From The Diary of a Nobody by George and Weedon Grossmith:

He suggested we should play “Cutlets,” a game we never heard of.  He sat on a chair, and asked Carrie to sit on his lap, an invitation which dear Carrie rightly declined.

After some species of wrangling, I sat on Gowing’s knees and Carrie sat on the edge of mine.  Lupin sat on the edge of Carrie’s lap, then Cummings on Lupin’s, and Mrs. Cummings on her husband’s.  We looked very ridiculous, and laughed a good deal.



Gowing then said: “Are you a believer in the Great Mogul?”  We had to answer all together: “Yes—oh, yes!” (three times).  Gowing said: “So am I,” and suddenly got up.  The result of this stupid joke was that we all fell on the ground, and poor Carrie banged her head against the corner of the fender.  Mrs. Cummings put some vinegar on; but through this we missed the last train, and had to drive back to Broadstairs, which cost me seven-and-sixpence.




Parlour games!

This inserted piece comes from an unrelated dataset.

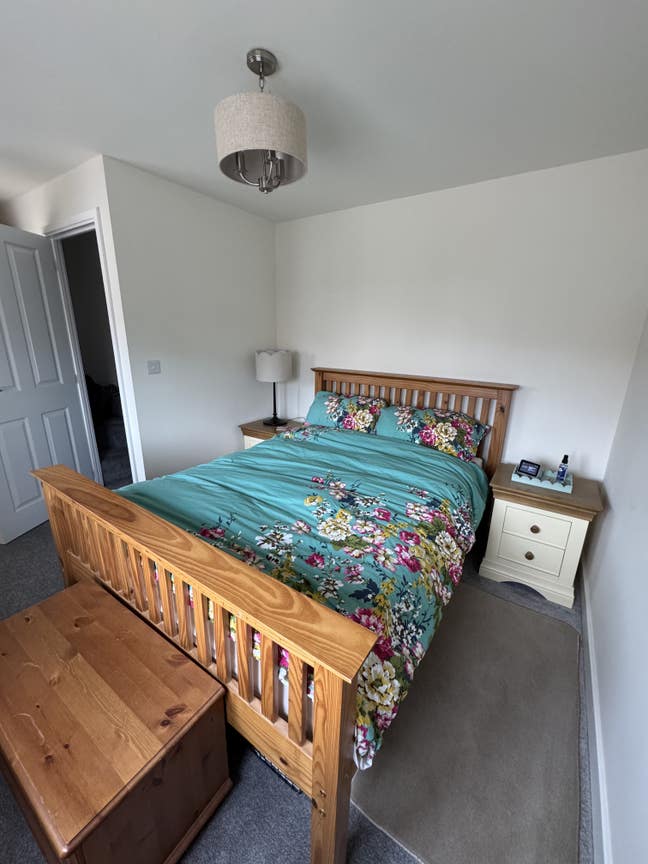 Private Double Room + Ensuite & Parking, Bills In Main Photo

It's the time of year when Charades and Consequences make an appearance at Christmas time in many households, a durable hangover from their Victorian heyday, when there were parlours aplenty in which to play "Cutlets". Few homes today have parlours, and fewer still enough space space for 'Is that you, Montagu?' (two blindfolded players with rolled-up newspapers roll around on the floor - the game features in David Nicholls'  novel One Day). 

While parlour games remain popular the parlour itself has gone the way of the pantry and scullery in domestic architecture. From the  Anglo-Norman French parlur (‘place for speaking’) the parlour was, in medieval Christian Europe, the two rooms in a Silent Order monastery where monks, constrained by vow or regulation from speaking, could natter away too their hearts' content with their fellow monks.

We no longer tend to use formal reception rooms although 'front parlour' used to be the term used in the North of England as the room for the (seldom-used) ground floor front room, kept 'smart' for special occasions.

The parlour has a rather downbeat commercial afterlife - think of funeral parlours, beauty parlours, tattoo parlours and, though less frequently, ice cream or pizza parlours. As a domestic feature it has declined, along with the pantry, to the point of near extinction. I'm drawn to objects which retain a husk of their original, utile meaning; 'glove compartment', for instance, harks back to the time when a motorists would sport a pair of leather gauntlets. The term exists but I don't suppose one in a million drivers keeps gloves in that odd little cubby hole.

But enough already. Let's get down to business:

Three words! First word? Four syllables! First syllable, sounds like . . .

A Merry Christmas to all my readers. You know who you are.